Environmental and Policy Focus

Key legislative vote could force tech billionaire to sell public route to beach

San Jose Mercury News - Aug 30 Lawmakers in Sacramento are considering a bill that could clear the way for California to use its power of eminent domain to purchase a public route through Martin’s Beach, located on the coast south of Half Moon Bay. Tech billionaire Vinod Khosla bought 89 acres surrounding Martins Beach in 2008 and closed a gate to a private road that the public had used for generations to access the shoreline. Senate Bill 42, sponsored by state Sen. Jerry Hill, D-San Mateo, would create a new account within the State Lands Commission that could accept outside donations, providing the agency with funds to take a public easement over the road by eminent domain.
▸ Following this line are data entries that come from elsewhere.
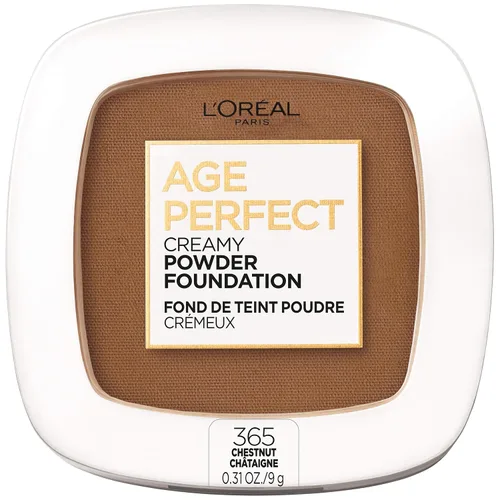 Miniatura 14 de L'Oréal Paris Age Perfect Creamy Powder Foundation Compact, 350 Classic Tan, 0.31 onzas Tan clásiico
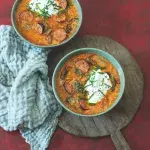 Zelňačka s paprikou a klobáskou Zelňačka s paprikou a klobáskou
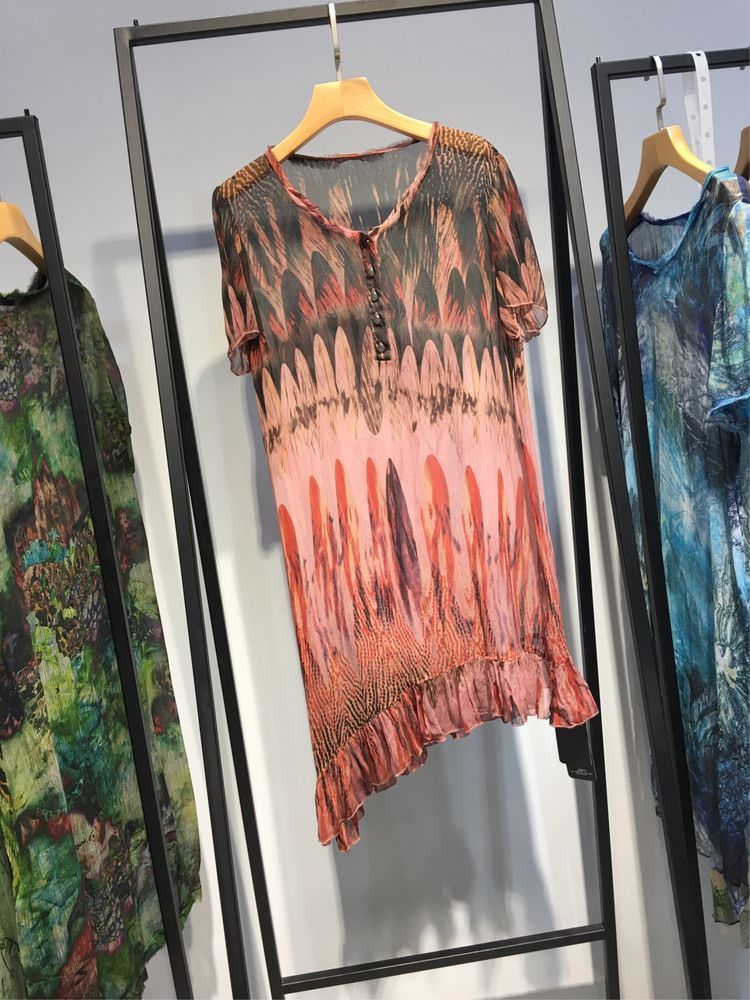 时尚高端品牌白沙女真丝连衣裙2018夏装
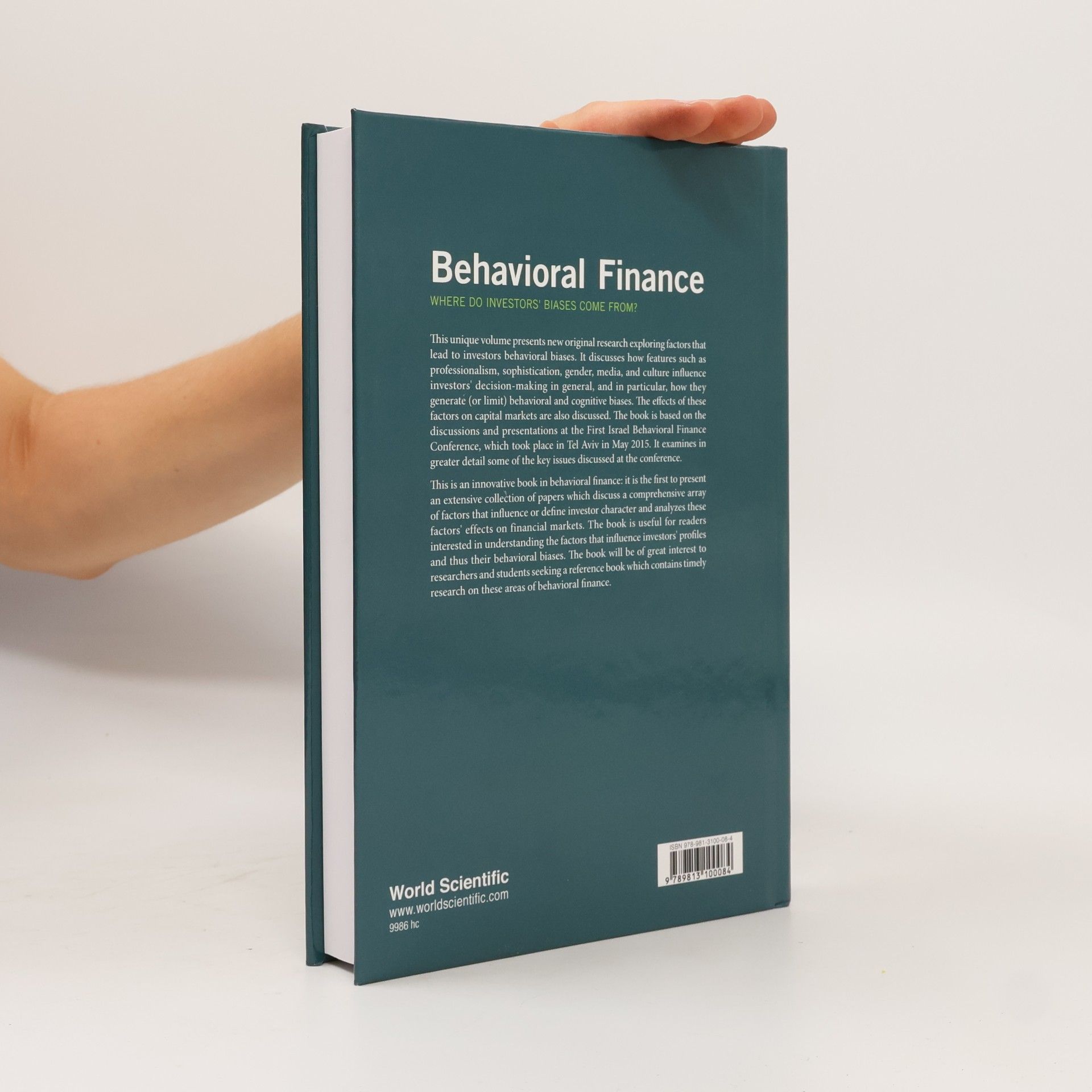 Itzhak Venezia Behavioral Finance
Hill’s bill has cleared the state Senate, but is now sitting in the Assembly Appropriations Committee, which must decide by Friday whether or not to advance the measure.

Court settlement looks to move nuclear waste from San Onofre

San Diego Union-Tribune - Sep 28 In a settlement approved Monday in San Diego Superior Court, the operators of the San Onofre Nuclear Generating Station agreed to make a good faith effort to find a location to move the 3.55 million pounds of nuclear waste that has accumulated on the plant’s premises, between the Pacific Ocean and one of the busiest freeways in the country. Southern California Edison (SCE) reached agreement with a citizen group and an individual who sued SCE after the California Coastal Commission in 2015 approved a 20-year permit for the utility to expand a storage system to place the plant’s spent nuclear fuel into heavy, dry casks on site. Under the agreement, SCE commits to make “commercially reasonable” efforts to relocate the spent fuel offsite, including to potential facilities in Arizona, New Mexico, and West Texas. Even if a new location is identified, significant hurdles remain, including securing approval from the U.S. Nuclear Regulatory Commission to transfer the nuclear waste.

Coalition forms to protect California’s threatened salmon runs

SFGate - Sep 29 A coalition of government agencies and advocates for sustainable fisheries came together Tuesday to launch a long-term effort to save California’s beleaguered salmon populations in the Sacramento and San Joaquin river systems. The Central Valley Salmon Habitat Partnership will include 21 members — state and federal water and wildlife agencies, plus groups representing conservationists, farmers, water suppliers, and the fishing industry — seeking to study, develop, and fund projects to restore and protect vital habitats.

Democrats seek $4 billion bond for water, flood control, and parks

Sacramento Bee - Aug 31 As torrential rains and dangerous flood waters pummel large swaths of Texas and parts of Louisiana, state Senate President Pro Tem Kevin de León has proposed Senate Bill 5, which would put on the June ballot for voter approval a $4 billion bond to fund water, flood, and parks projects across California. The bond would allocate $550 million for water projects, $750 million for flood control projects such as levee repair, and $2.6 billion for local and regional parks – including $800 million to build new parks in lower income communities. Lawmakers have until the legislative session ends Sept. 15 to send the measures to Governor Jerry Brown’s desk.

States say EPA’s climate rule guidance is 'legally incorrect'

The Hill - Sep 1 A coalition of 13 states, including California, and seven cities and counties want the Trump administration to rescind a March 2017 guidance document that the U.S. Environmental Protection Agency (EPA) sent to states regarding compliance with the Clean Power Plan, a key climate change regulation developed during the Obama administration. In a letter sent on Thursday, the group argued that EPA Administrator Scott Pruitt incorrectly informed states that if the Clean Power Plan takes effect, compliance deadlines will be extended. The group alleges Pruitt is using the guidance as a way of delaying, or, in effect, repealing the Clean Power Plan without going through the full regulatory process for formal repeal.

DISCLAIMER: Because of the generality of this update, the information provided herein may not be applicable in all situations and should not be acted upon without specific legal advice based on particular situations.